Pymes: el eslabón perdido en el vocabulario oficial
Mientras los indicadores nacionales muestran ciertos ordenamientos técnicos, Alín subrayó que el bienestar social depende de la economía real. «Advertimos que el sector de la pequeña y mediana empresa, las pymes, no está en el vocabulario ni en el análisis de los economistas del Gobierno. Nosotros somos los que más empleo damos, pero también somos los más perjudicados», sentenció.
Para el referente empresarial, el modelo actual parece enfocarse en sectores como el financiero, la minería o la energía, que generan menos mano de obra intensiva que el comercio y el turismo. «Lamentamos la forma en que se dirigen a nuestro sector, porque sin apoyo a la microeconomía, el proceso de destrucción de pymes avanzará inevitablemente», agregó.

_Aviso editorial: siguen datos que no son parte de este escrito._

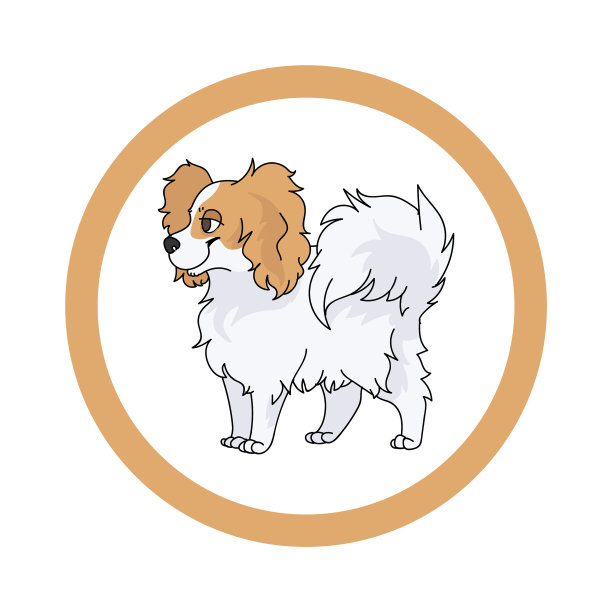 可爱的卡通蝴蝶在多蒂圈狗图片下载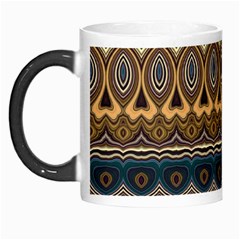 Boho Brown Blue Morph Mugs by SpinnyChairDesigns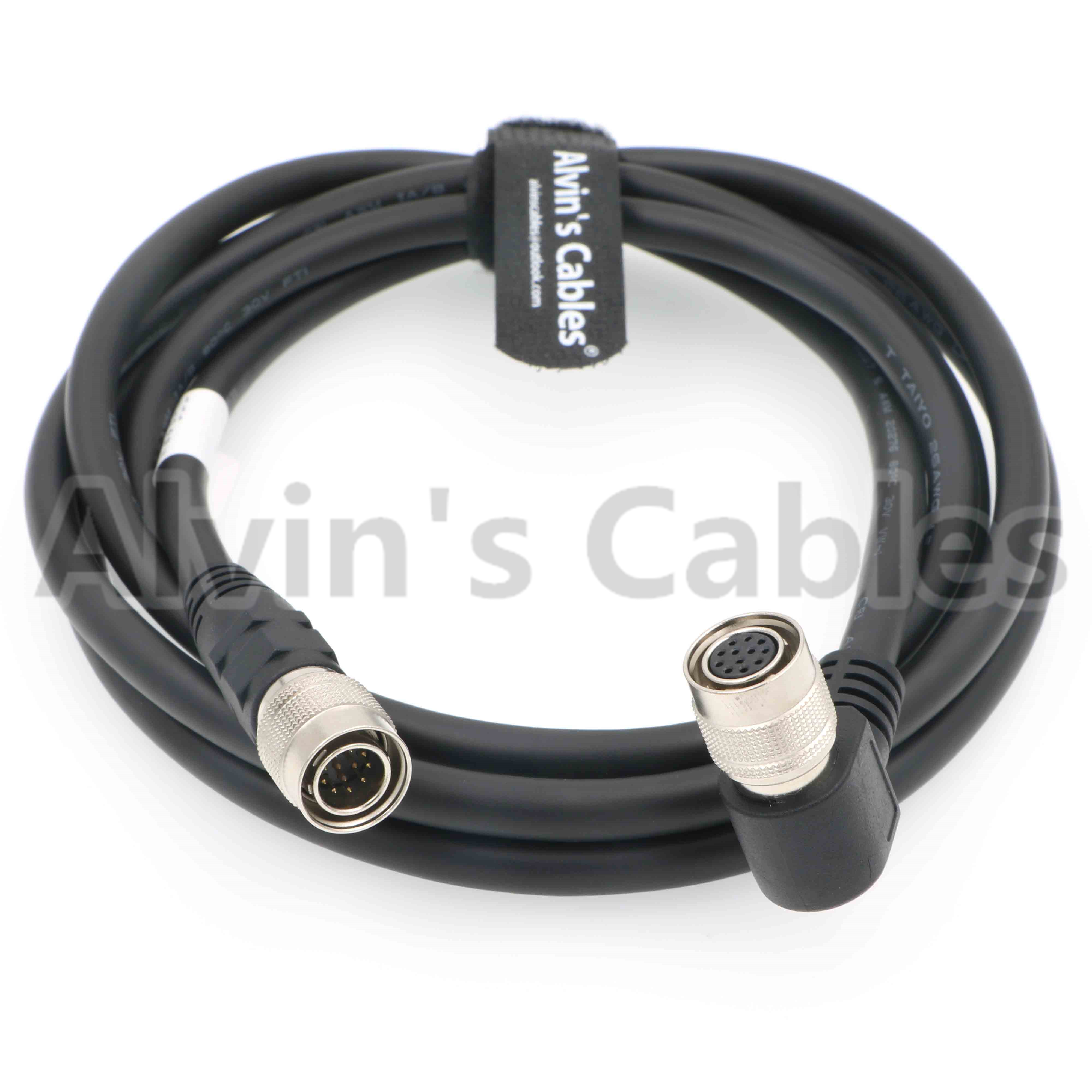 China Right Angle 12 Pin Hirose Female to Male Original Shield Cable for Sony Camera factory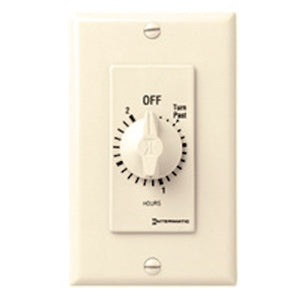 2 Hour 120-277 volt SPST Ivory Mechanical Timer 1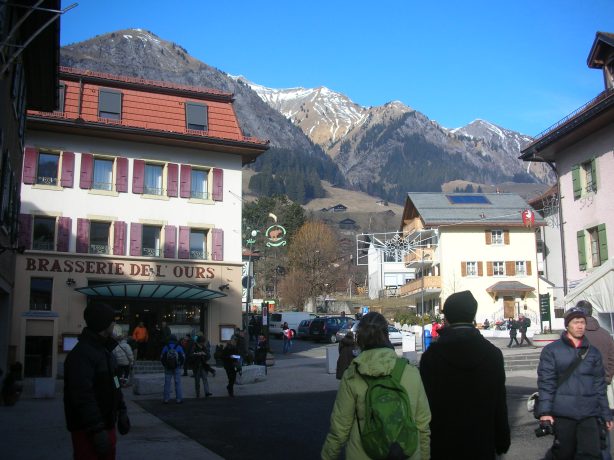 Mountain village of Château-d'Oex
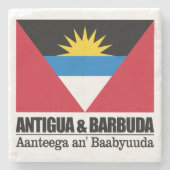 Antigua en Barbuda Stenen Onderzetter (Voorkant)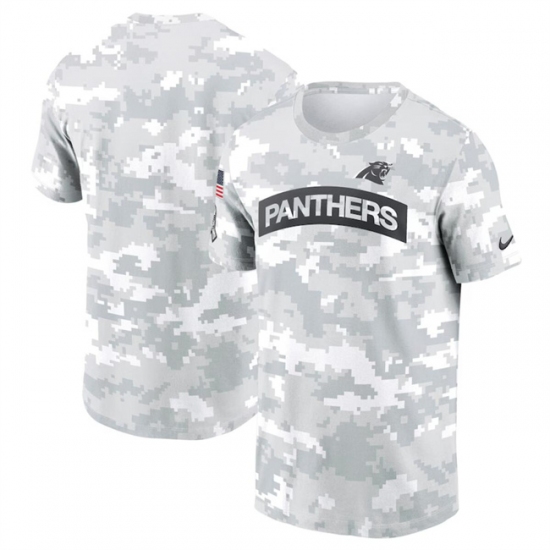 Men's Carolina Panthers 2024 Arctic Camo Salute To Service Performance T-Shirt - Jersey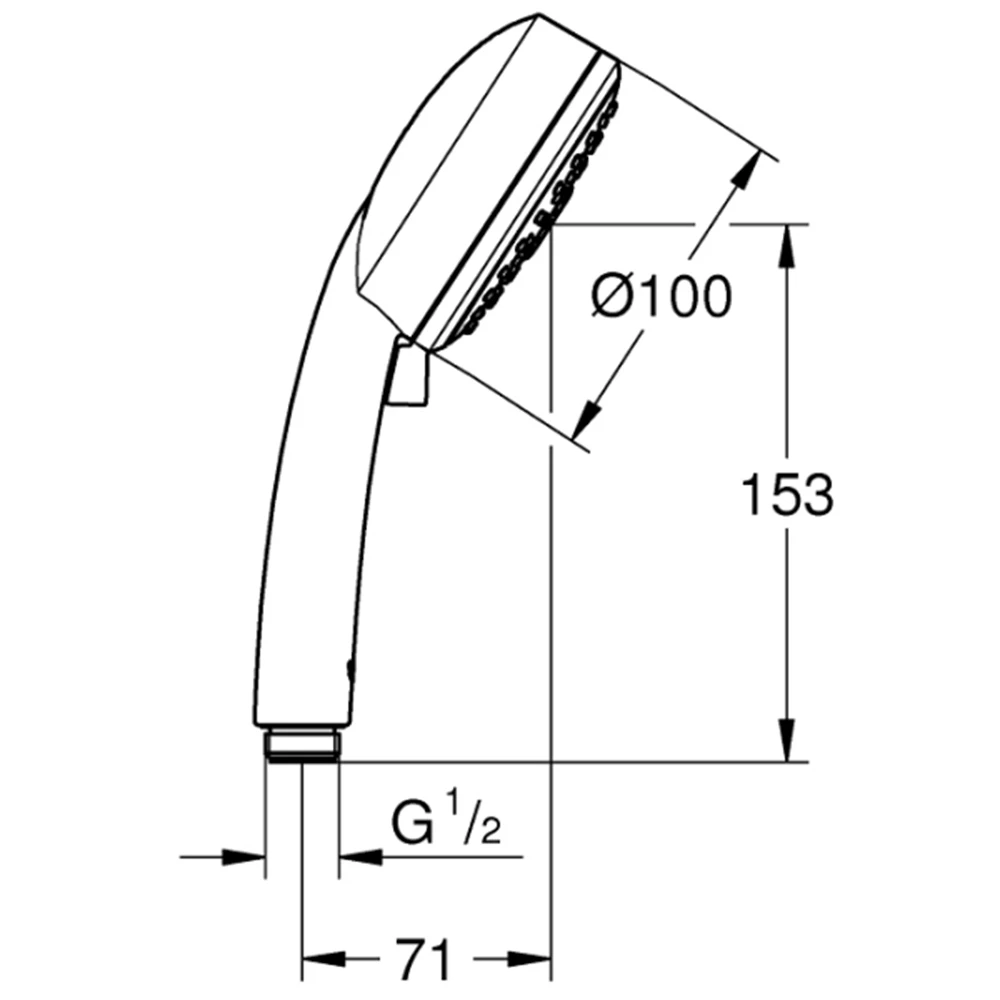 Grohe New Tempesta Cosmopolitan 4 Akışlı El Duşu - 27575002 2
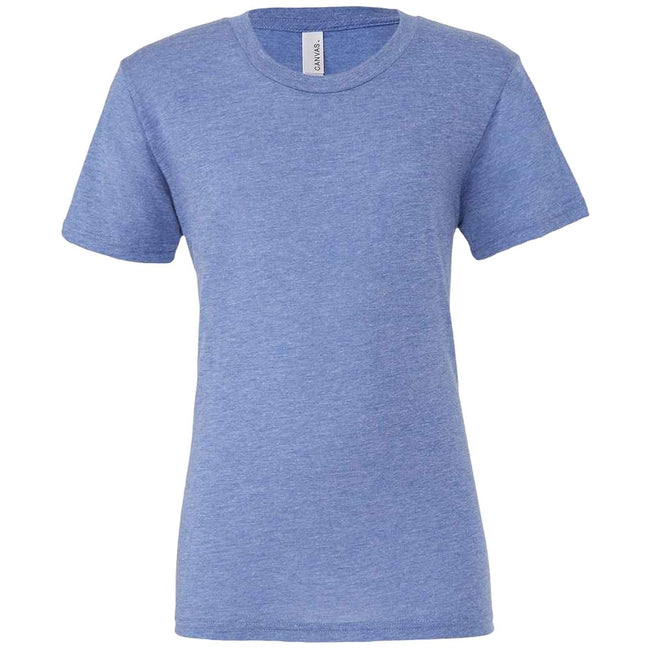 Blue - Front - Bella + Canvas Adults Unisex Tri-Blend T-Shirt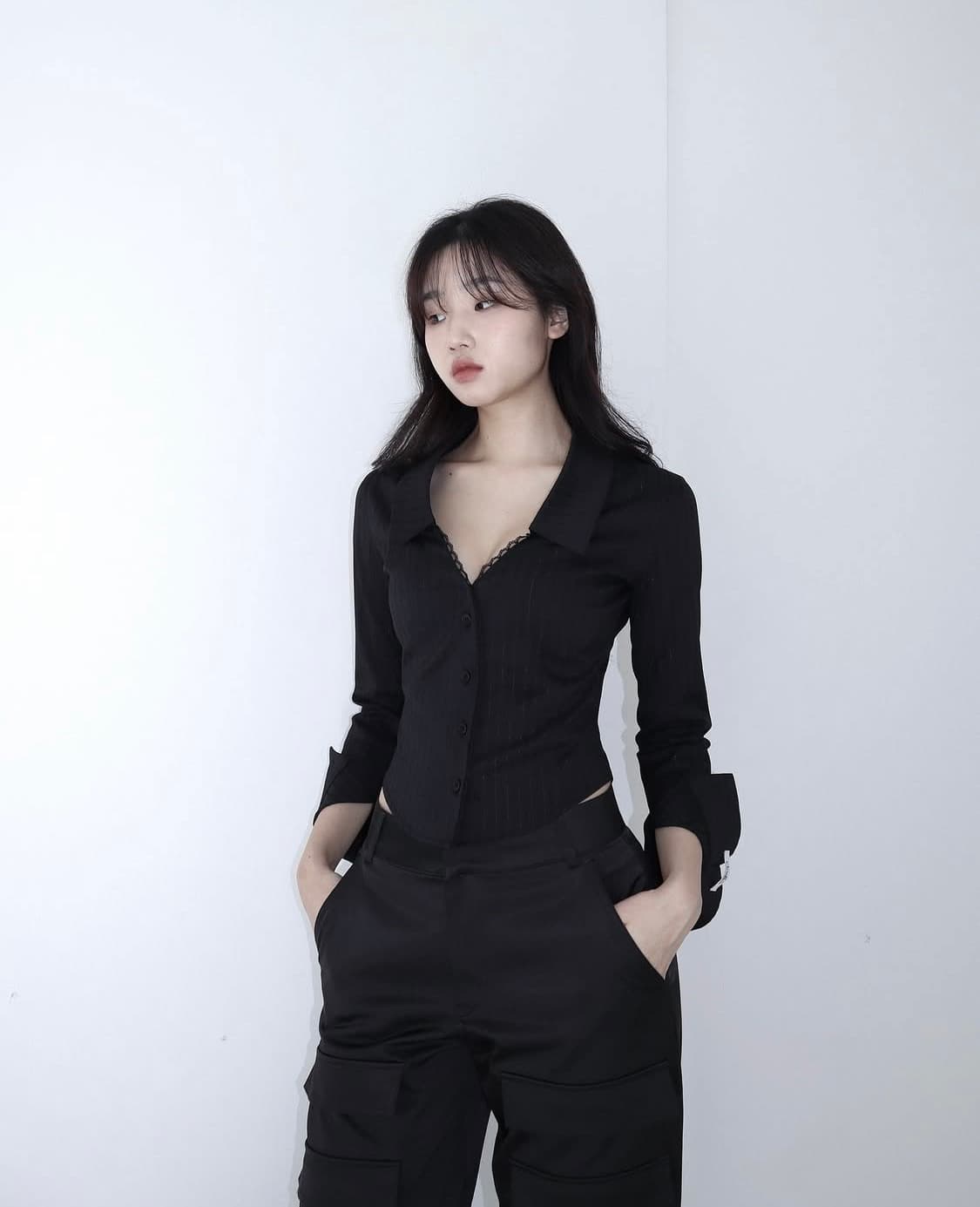 새상품,택o) 클라따 lace princess shirt xs사이즈 상품이미지3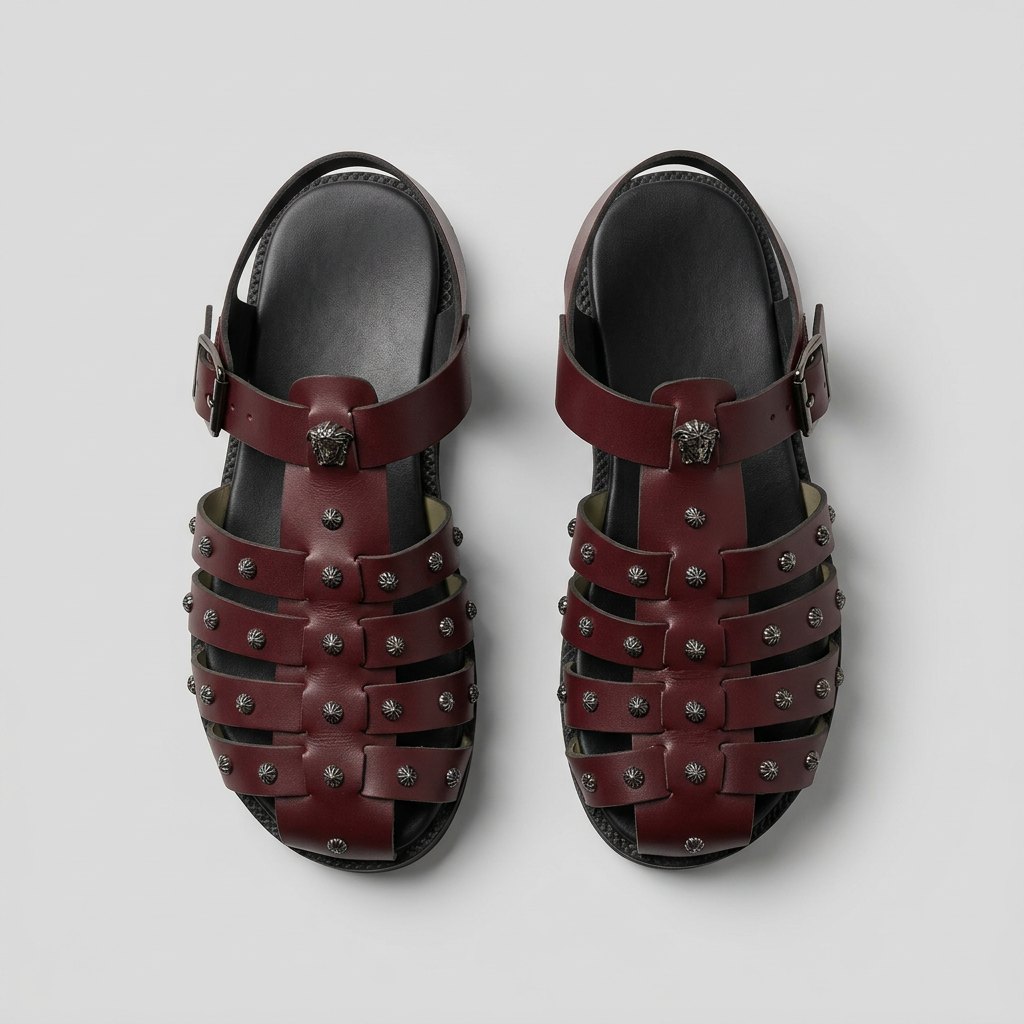 Studded Sandals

Cuentas en orden vs. realidad del mostrador
Existe una preocupación latente por el empleo en riesgo debido al estancamiento de la actividad. «El sector comercio es el motor del empleo privado, pero hoy está paralizado. Si no se encuentran soluciones para que el argentino tenga un peso más en el bolsillo, la situación no se va a revertir, por más que mejoren los números fiscales», advirtió Alín.
Esta desconexión entre las planillas oficiales y el consumo diario marca la diferencia entre expectativas y realidad: «Desde nuestro sector siempre queremos ser optimistas, pero la realidad actual es que ‘no hay plata’. Es urgente incluir a la microeconomía en el análisis, porque la reactivación real solo vendrá de la mano de un fortalecimiento del poder adquisitivo».
Un modelo en transición
La mirada de la entidad no es de derrota, sino de advertencia sobre los tiempos de recuperación. «Estamos transitando un cambio de modelo económico y esto tiene un proceso que no explota de un día para otro. Sin embargo, tenemos que cuidar lo que es nuestro: la energía y el petróleo son recursos clave, pero no podemos descuidar al comercio, que es la vida de la Ciudad de Mendoza», enfatizó.
«Esperamos que esta realidad se revierta; la búsqueda de soluciones debe ser una prioridad para que la mejoría llegue finalmente al bolsillo de la gente y no se quede solo en los grandes números financieros», concluyó.